I've registered, but there's just no links for 'reply' or 'new post' showing.
What more does it want


----------



## Steve Austin (23 Oct 2007)

are you logged in

STW needs you Bonj.
You need to start a hello thread. New members are always warmly wlecomed


----------



## Peyote (24 Oct 2007)

He he, Bonj on STW. That would be comedy!

Go on Bonj, STW needs folk like you!


----------



## bonj2 (24 Oct 2007)

I was just browsing it when this site was down last night. and it seemed to have some quite good info/links to routes in the peaks. I wanted to ask some of the guys whereabouts photos they'd posted were taken, and other things i'm curious about like how to link to a specific point on streetmap.co.uk what with its ordnance survey maps (like when an arrow is drawn on it), and how to understand/find/use grid references given in the form "GR165878", rather than e.g. 164978,878012 as streetmap seems to want them.

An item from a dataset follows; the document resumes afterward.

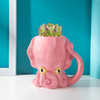 Funny Pink Octopus Ceramic Coffee Mug with Tentacle Handle Handcrafted Novelty 3D Porcelain Coffee Cups Personalized Gifts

does anybody know any of this?


----------



## Peyote (24 Oct 2007)

Don't know about the 'photo locations Bonj, but national grid references can be given as either a grid square location e.g SU, followed by the eastings and northings within that square, e.g SU835257. Or they can be given as a complete numerical grid reference e.g. 483550E 125750N sometimes shortened to 483550,125750. Then you can get different accuracies e.g an eight figue grid ref (4835,1257) won't be as accurate as the twelve figure one above.

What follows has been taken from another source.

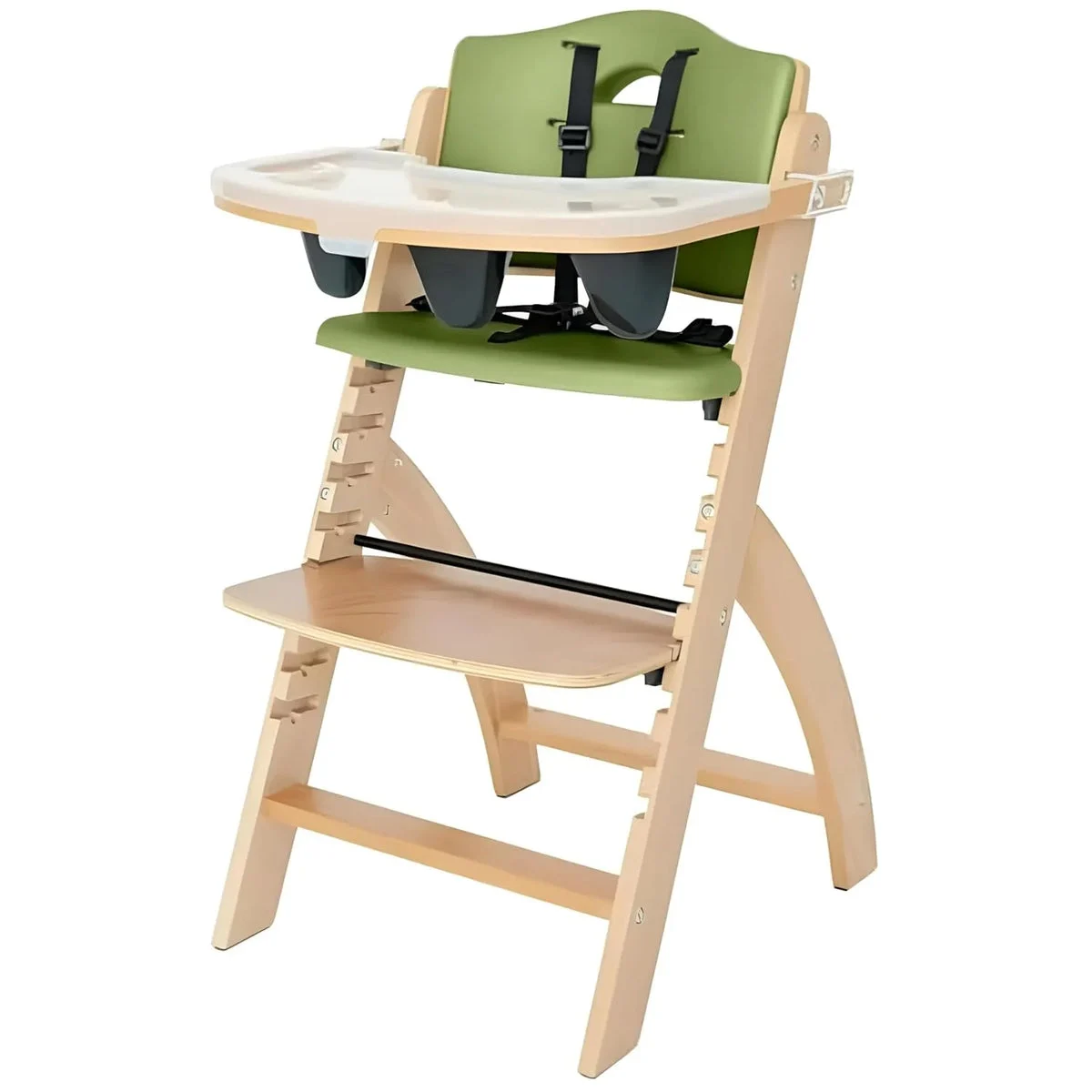 Abiie Beyond Junior Wooden High Chair - Natural Wood/Olive Cushion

As usual Wikipedia should be able to explain it better than me!

http://en.wikipedia.org/wiki/British_national_grid_reference_system

Hope that helps.


----------



## bonj2 (24 Oct 2007)

ah, thanks... I thought there was somewhat of a level of accuracy distinction going on there, but what confused me was what the letters stood for, and the fact that the three letters east and north were the second to fourth letters of the 6 letters east and north, rather than 1 to 3. But I'll have a butchers at that wiki article. Thanks

Still want to know how to link to streetmap (I mean draw arrows on it). I'm sure you can do it as they do it willy nilly on stw. I know you can on google by logging in and clicking on 'create map', then you can draw on a map, just need to know how on streemap 'cos it's got ordnance survey maps.


----------



## bonj2 (24 Oct 2007)

Peyote said:


> Don't know about the 'photo locations Bonj, but national grid references can be given as either a grid square location e.g SU, followed by the eastings and northings within that square, e.g SU835257. Or they can be given as a complete numerical grid reference e.g. 483550E 125750N sometimes shortened to *483550,125750*. Then you can get different accuracies e.g an eight figue grid ref *(4835,1257)* won't be as accurate as the twelve figure one above.
> 
> As usual Wikipedia should be able to explain it better than me!
> 
> ...


<pedantic> but that would actually be 4836,1258.</pedantic>


----------



## Tim Bennet (24 Oct 2007)

I'm sorry Bonj, but you're not being pedantic, you're just being incorrect.

Grid references must always be rounded down, what ever the value of the last figure you are dealing with.

All grid references are not actually points, but squares where the reference refers to the bottom left hand (south west) corner. Obviously the more accurate the grid reference (ie an 8 rather than a 6 figure reference), the smaller the square.

But as you reduce accuracy, you must still refer to the SW corner of the next largest inclusive square. So if you had GR369,139 (a 10 x 10m square) but only needed the accuracy of a 1km reference, it would become GR36,13 even though the original reference square was only a maximum of 10m from GR37,14. 

But by rounding it up you are now saying your described point is in the square kilometre that lies to the NE of 37,14, which is untrue, it lies in the 1km square to the NE of 36,13.

It does make a difference. Searching for casualties in the wrong square is as frustrating as it is futile.


----------



## bonj2 (24 Oct 2007)

oh right. you live and learn.


----------



## mondobongo (26 Oct 2007)

Bonj with regards to registering if you have used a a free email address such as hotmail or yahoo you will need to complete your name plus another piece of info in your profile before they will let you post.


----------



## bonj2 (26 Oct 2007)

ah right. I used my talktalk email address because i'd obviously already used up my hotmail address on registering, getting frustrated that i couldn't post and then forgetting i'd registered.
But all is fine now.


----------